----- Data extracts -----

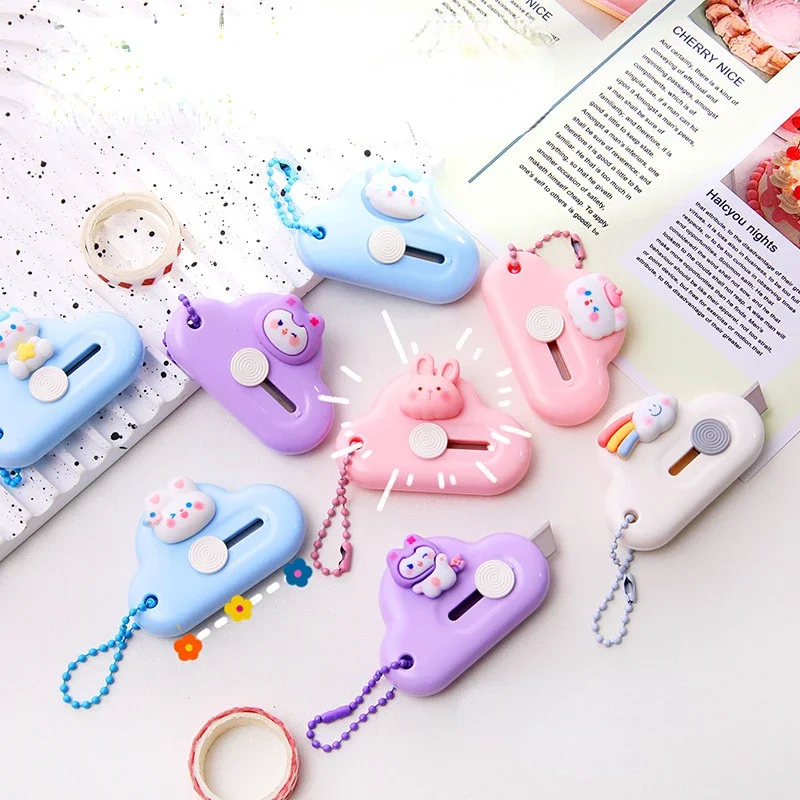 Sanrio kawaii mini cloudový nôž nôž Kuromi Pochacco Mymelody študent Ručné ruky na rezy papier Nož Express nôž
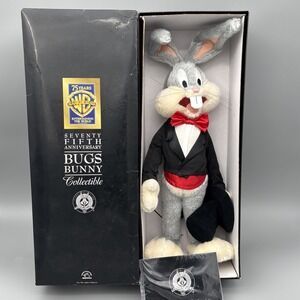 Bugs Bunny Applause 75th Anniversary #865/3000‎ Edition COA Tux Looney Tunes NOS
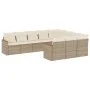 Garden sofa set with beige cushions, 10 pieces, made of synthetic rattan. by , Garden sets - Ref: Foro24-3258740, Price: 665,...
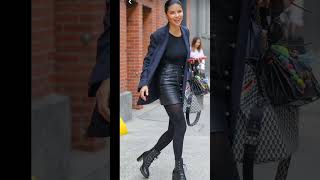 Adriana Lima 's Street style #fashion #celebrity #chic#short♥️❤️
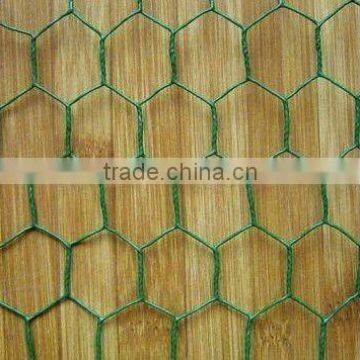 green pvc coated chicken coop wire mesh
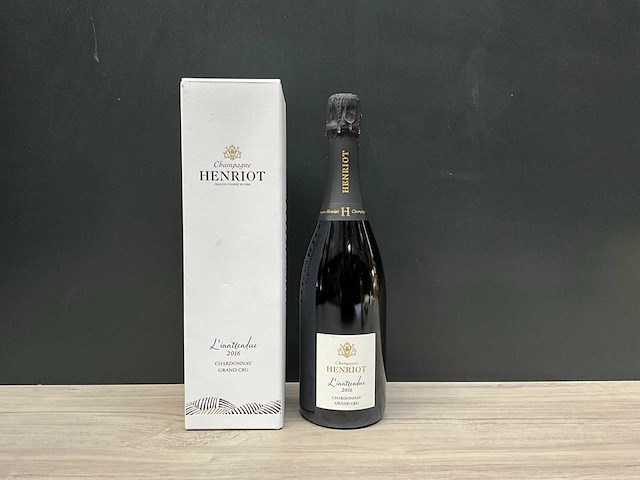 Henriot bru grand cru l'inattendue' blanc de blanc 2016 - afbeelding 1 van  3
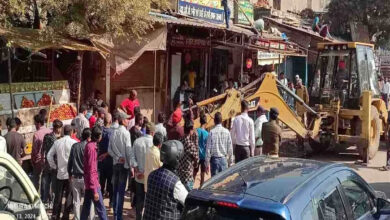 Bulldozer started on illegal occupation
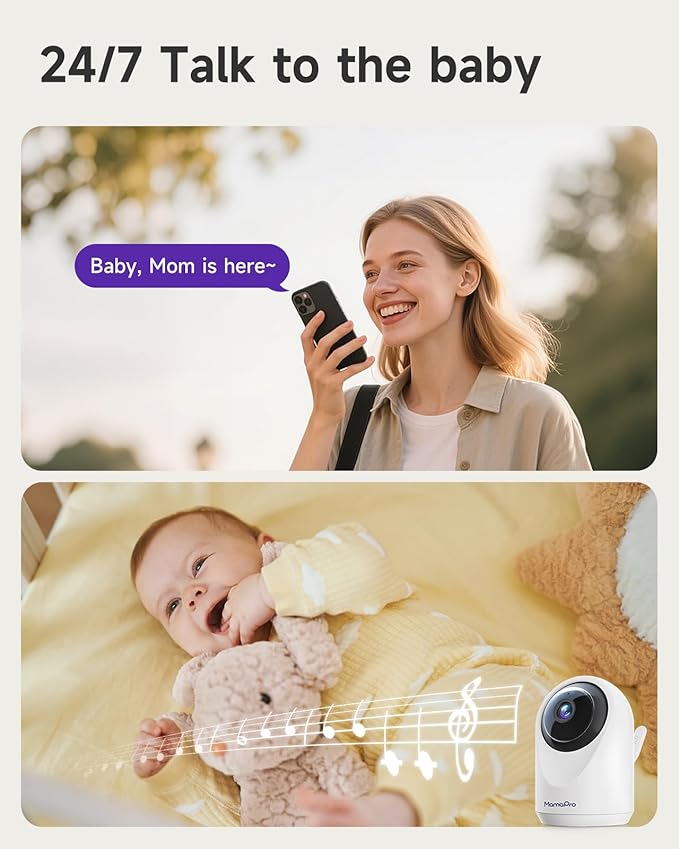 MAMAPRO Baby Monitor with Camera and Audio - Image 8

-----

Task brief.
Beginning at the line that contains "Bulldozer started on illegal occupation", give the remaining lines of the records again exactly, through the last one. Leave out pictures.

Problem solution.
 Bulldozer started on illegal occupation
 MAMAPRO Baby Monitor with Camera and Audio - Image 8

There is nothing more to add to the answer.